Data block —
++++++++++

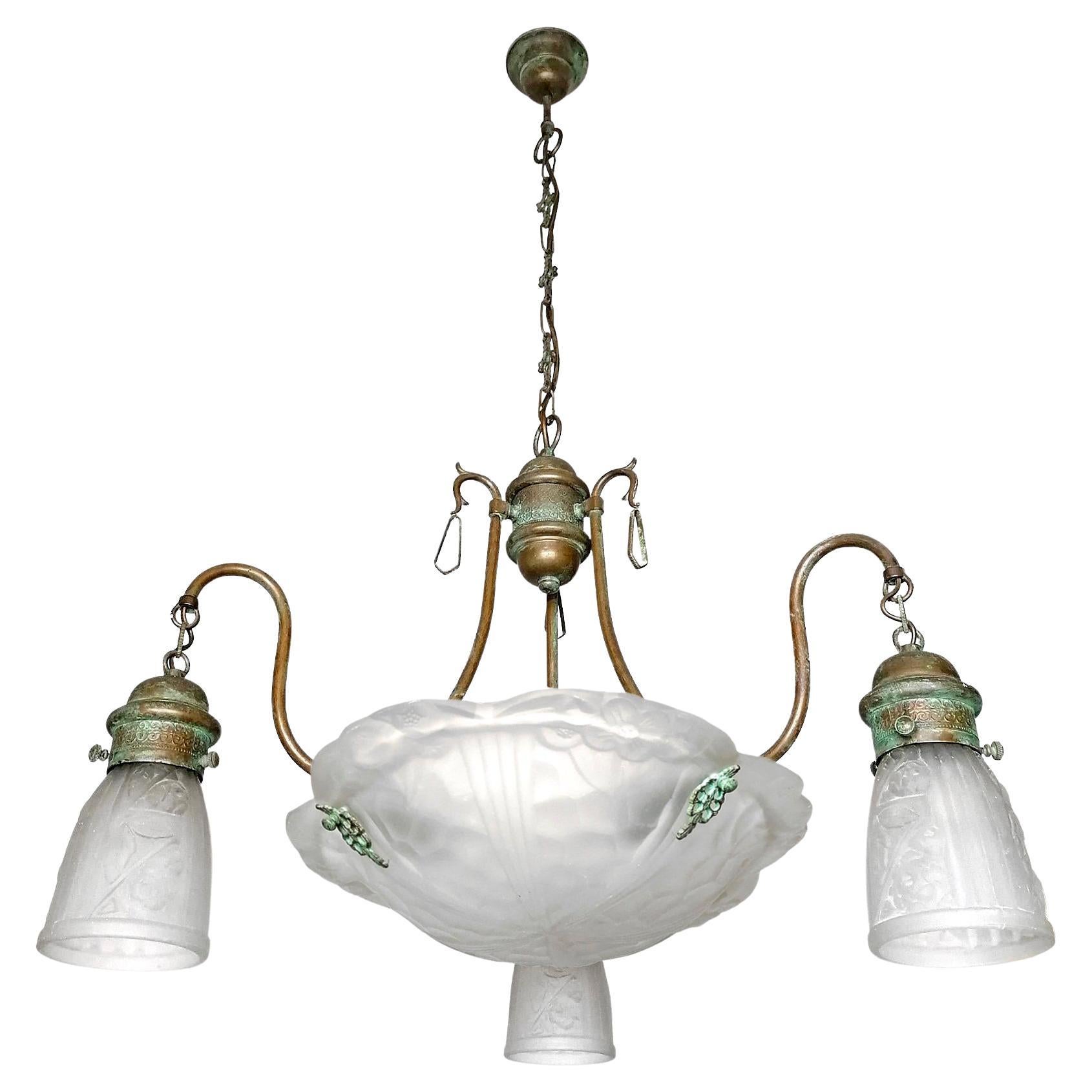 French Art Deco Art Nouveau Frosted Glass and Brass Chandelier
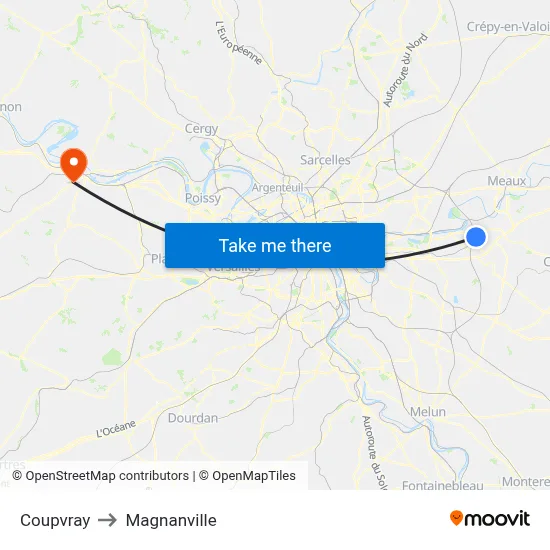 Coupvray to Magnanville map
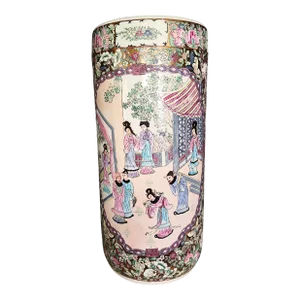 Chinoiseries Large Chinese Famille Rose Porcelain Umbrella Stand With Mandarin Court Scenes
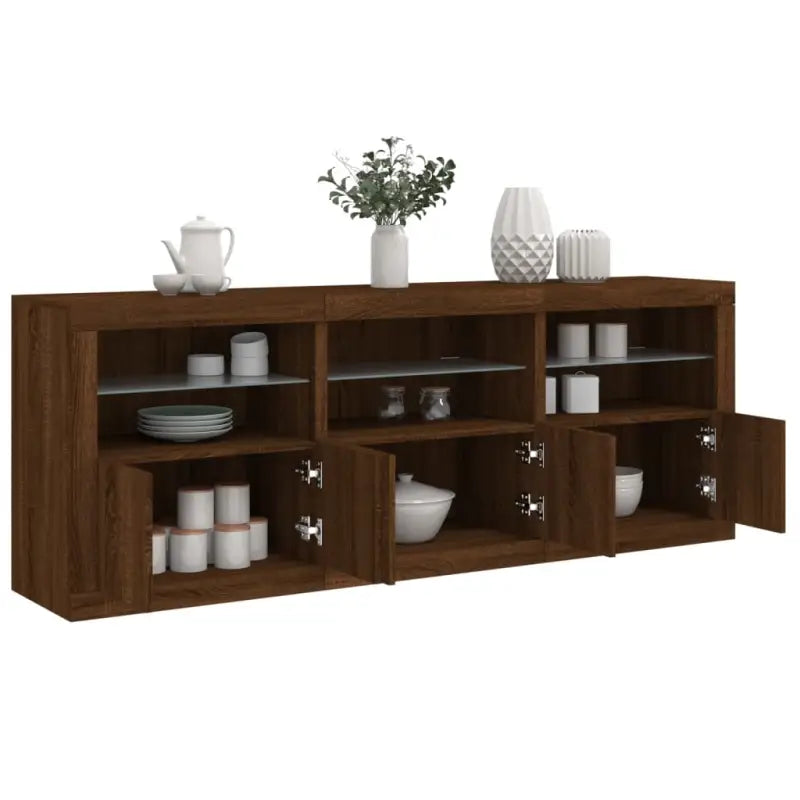 Modern dressoir met rgb led-verlichting en duurzaam bewerkt hout - bruin eikenkleur / 1 - Dressoirs & buffetkasten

++++++++++

What the task requires —
Print only the lines from the one with "Chinoiseries Large Chinese" through the last line of the data above, exactly and with both ends, and please omit any pictures.

Written response —
 Chinoiseries Large Chinese Famille Rose Porcelain Umbrella Stand With Mandarin Court Scenes
 Modern dressoir met rgb led-verlichting en duurzaam bewerkt hout - bruin eikenkleur / 1 - Dressoirs & buffetkasten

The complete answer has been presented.